On Tue, Sep 25, 2012 at 6:50 AM, Nathaniel Smith <njs@pobox.com> wrote:
On Tue, Sep 25, 2012 at 12:31 PM, Sturla Molden <sturla@molden.no> wrote:
> On 25.09.2012 11:38, Nathaniel Smith wrote:
>
>> Implementing a ring buffer on top of ndarray would be pretty
>> straightforward and probably work better than a linked-list
>> implementation.
>
> Amazingly, many do not know that a ringbuffer is simply an array indexed
> modulus its length:
>
> foo = np.zeros(n)
> i = 0
> while 1:
>    foo[i % n]  # access ringbuffer
>    i += 1

Good trick, but to be reliable I think you need to either be willing
for i to overflow into a long (arbitrary width) integer, or else make
sure that i is an unsigned integer and that n is 2**k where k <=
sizeof(i)? Just doing i %= n on each pass through the loop might be
less error-prone.

> Also, instead of writing a linked list, consider collections.deque.
> A deque is by definition a double-ended queue. It is just waste of time
> to implement a deque (double-ended queue) and hope it will perform
> better than Python's standard lib collections.deque object.

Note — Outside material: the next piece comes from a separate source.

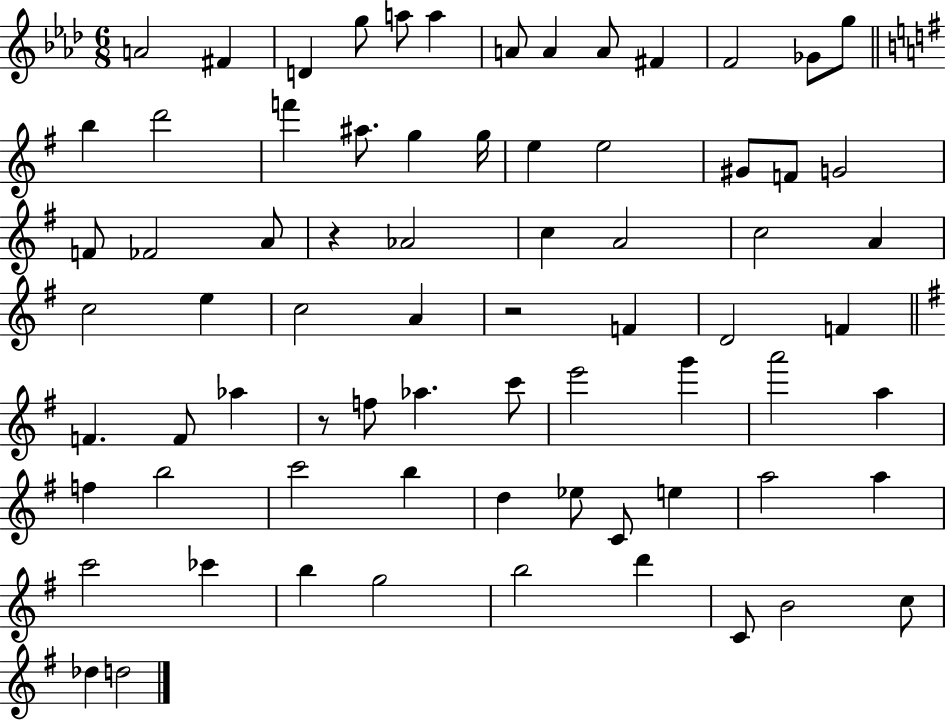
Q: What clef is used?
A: treble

The original poster is using collections.deque now, but wants a
version that supports efficient vectorized operations.


The C++ stdlib has an efficient deque object, but it moves through memory. Hmm, it wouldn't be easy to make that work with numpy arrays what with views and all.

Efficient circular lists are often implemented using powers of two so that modulo indexing can be done using a mask.